A maritime precinct has been proposed for Dock 2 at Port Adelaide as part of the State Government’s plans to preserve and promote the district’s unique maritime heritage.
Dock 2 is identified in the Historic Ships and Boats Strategy as the preferred site to host land-based historic vessels such as the City of Adelaide clipper ship and the schooner Nelcebee.
The strategy is being released today to coincide with the 30th anniversary of the One & All — the iconic purpose-built sailing ship operated by volunteers.
The strategy sets out a plan for preserving and celebrating the unique maritime heritage of Port Adelaide and makes a series of recommendations, including that existing water-based vessels, such as the One & All and the Falie, should remain at their location at McLarens Wharf.
Work on a master plan will now begin in consultation with key stakeholders.

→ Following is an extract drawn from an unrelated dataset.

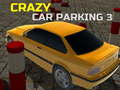 Spill Crazy Car Parking 3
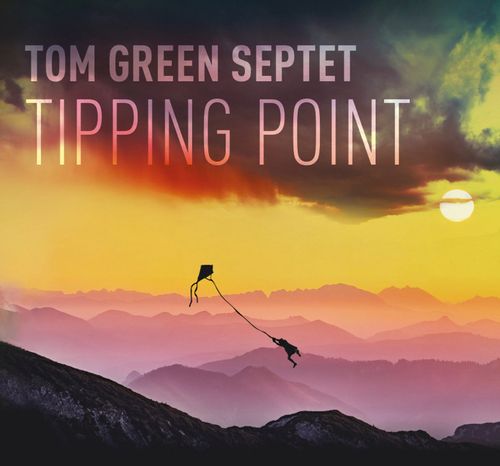 TOM GREEN(JAZZ) / Tipping Point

The Historic Ships and Boats Strategy records the current condition and status of each vessel and considers matters such as preferred locations, as well as maximising opportunities for tourism at Port Adelaide.
The strategy through extensive consultation with key stakeholders, including the vessel owners, operators and volunteers, the National Trust, the SA Maritime Museum, Government departments and the City of Port Adelaide Enfield.
Some members of these groups were also part of a project reference group, which assisted in evaluating and analysing material to inform the proposed strategy.
The South Australian Government owns the One and All, which was purpose-built by volunteers as a sail training ship.
It was supported by corporate donations and was commissioned in 1987, as part of the State’s 150-year anniversary celebrations.
Last year the State Government increased funding to secure the future of these important vessels in Port Adelaide, providing more than $3 million over five years.
Quotes attributable to
Housing and Urban Development Minister Stephen Mullighan
It’s a great pleasure to be releasing the Historic Ships and Boats Strategy on a day when we are celebrating a milestone for one of the Port’s most iconic ships, the One & All.
The strategy is a vital tool in safeguarding the rich maritime history of the Port Adelaide district.
It sets out a clear path forward for the preservation and management of these historic resources to ensure the public can continue to enjoy them and to further develop them as drawcards for Port Adelaide.
It will ensure that during this period of growth, the unique maritime history of our Port is not only preserved but also embraced and celebrated.
Member for Port Adelaide Susan Close
A coordinated approach will maximise the opportunities and benefits of these unique tourism offerings for the vessel operators and the Port Adelaide centre as a whole.
The Port is a unique part of South Australia and this is a unique opportunity to shape the future of this important historical precinct.
The State Government has actively engaged with key stakeholders of these historically important vessels and developed a proposed strategy.
Friends of the One & All Sailing Ship Spokesperson Alan Burgess
It is wonderful to be celebrating this milestone for the One & All with a berth in the port and a role in the new heritage precinct that will bring people to participate in attractive and worthwhile experiences in this historic area.
The One & All provides unique sailing and adventure learning experiences that can help the development of life skills for all young people and has particular benefits for people from disadvantaged backgrounds.
The One & All is a living example of our State’s rich maritime history.
City of Adelaide Clipper Ship Director Peter Christopher
The development of a proposed maritime precinct within Port Adelaide’s inner harbour will provide a significant tourism drawcard.
The 1864 clipper ship City of Adelaide, together with other historic vessels, coming together in a central and accessible location, can tell an important story to young and old, as part of living history.
The City of Adelaide has international significance, being one of only two remaining composite clipper ships in the world today, the other being the famous, but younger, Cutty Sark in London.